More books have been written about Abraham Lincoln than any other man, excepting only Jesus Christ, who all must admit is a special case. That is a boon to readers eager to learn about our sixteenth president, but presents a daunting challenge to any scholar interested in writing something new about the man. In Old Whigs: Burke, Lincoln, and the Politics of Prudence, Greg Weiner has done just that, detailing Lincoln’s political philosophy alongside that of Anglo-Irish parliamentarian and scholar Edmund Burke in an effort to get at the meaning and importance of prudence in political life.

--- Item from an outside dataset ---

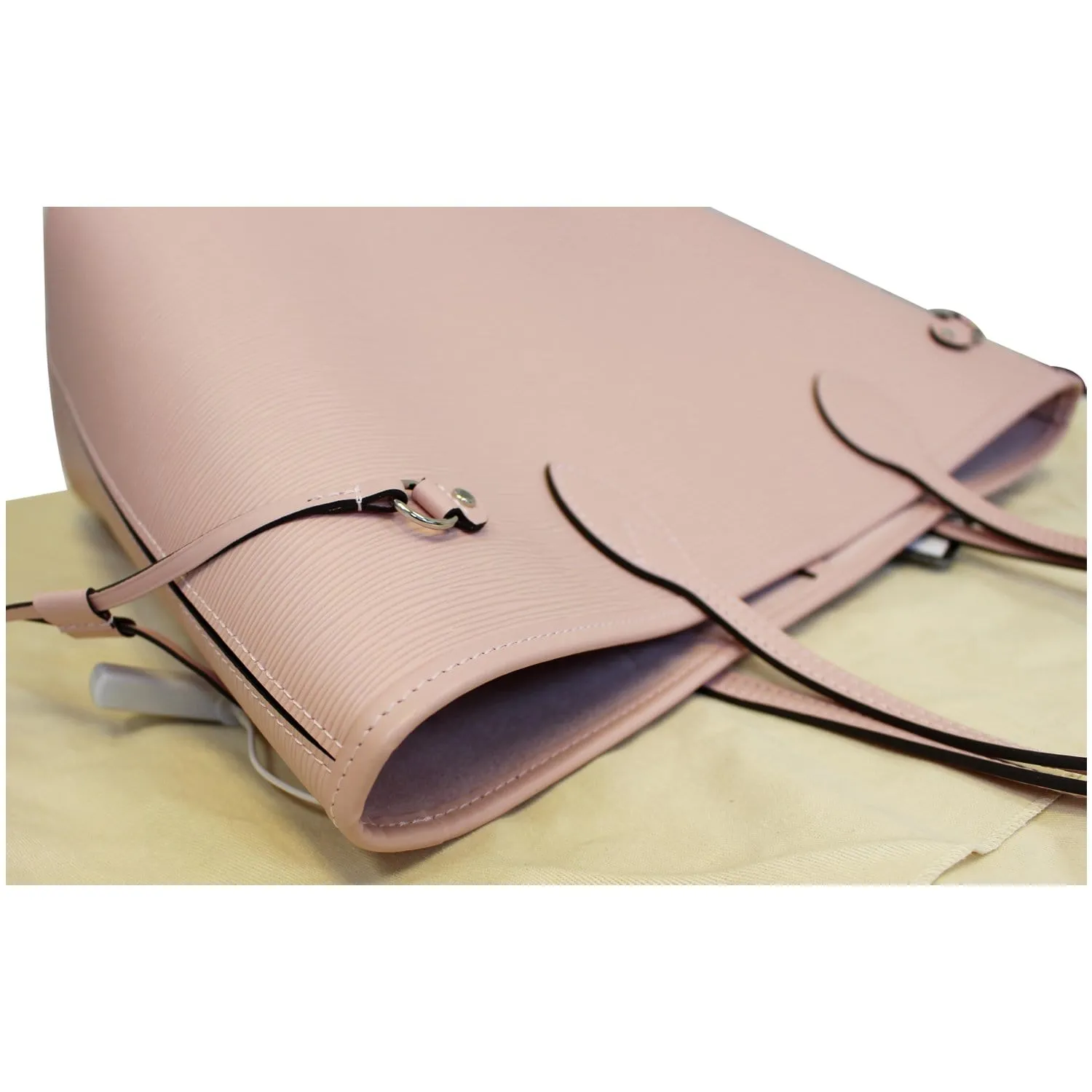 LOUIS VUITTON Neverfull MM Epi Leather Tote Shoulder Bag Rose Ballerine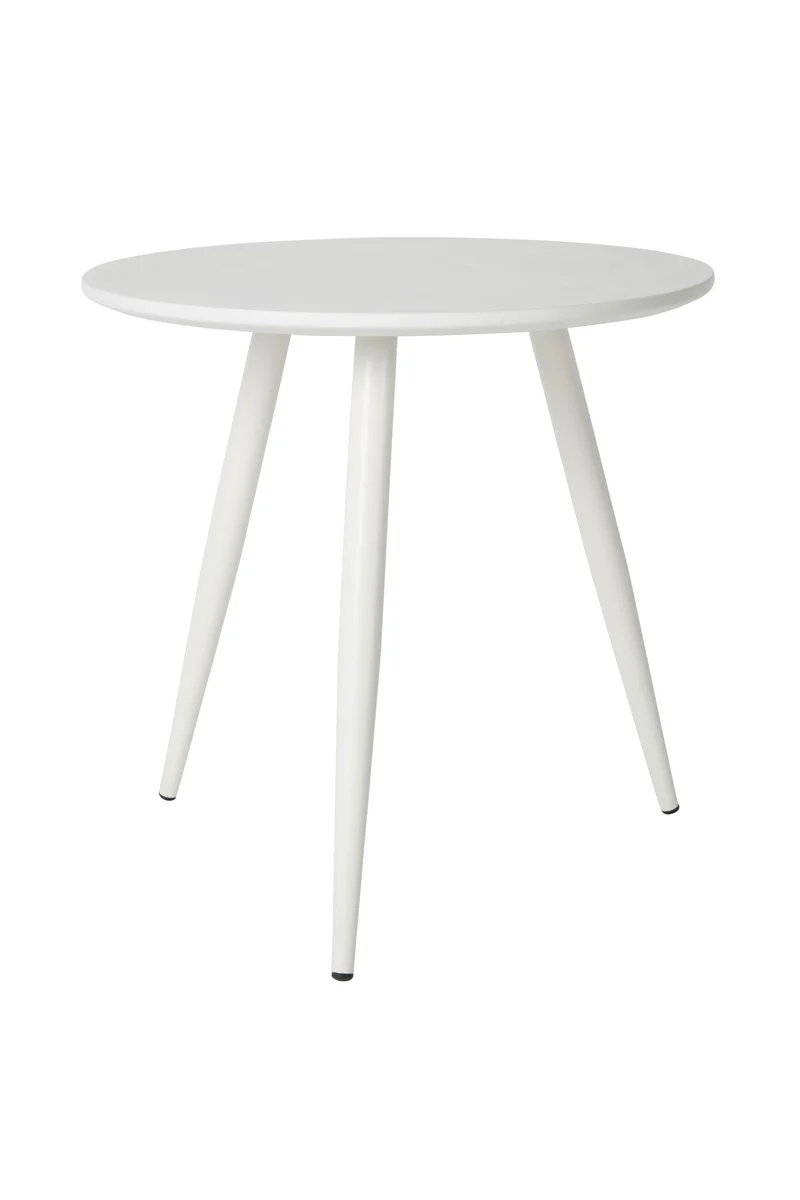 White Label Living Beistelltisch Daven Weiß – Holz, 50 × 50 × 50 cm, 2er-Set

Weiner, a professor of political science at Assumption College, devised a difficult task for himself in defining a concept so nebulous as prudence. Aristotle called it “right reason applied to practice,” but what is “right reason”? St. Augustine called prudence “the science of what to desire and what to avoid,” and St. Thomas Aquinas used both of these definitions in his longer discussion of the topic. But even that great thinker could not give a simple rubric of prudence.
It is likely that no brief definition could completely comprehend the virtue, though these all point us in the right direction. For Edmund Burke, the concept meant “a moral rather than a complexional timidity.” That is to say, Burke urged caution not out of cowardice but out of humility. His conservatism was grounded in modesty, and in recognizing that neither he nor any man had all of the answers. In the face of uncertainty, prudence dictates hesitating before making a drastic change.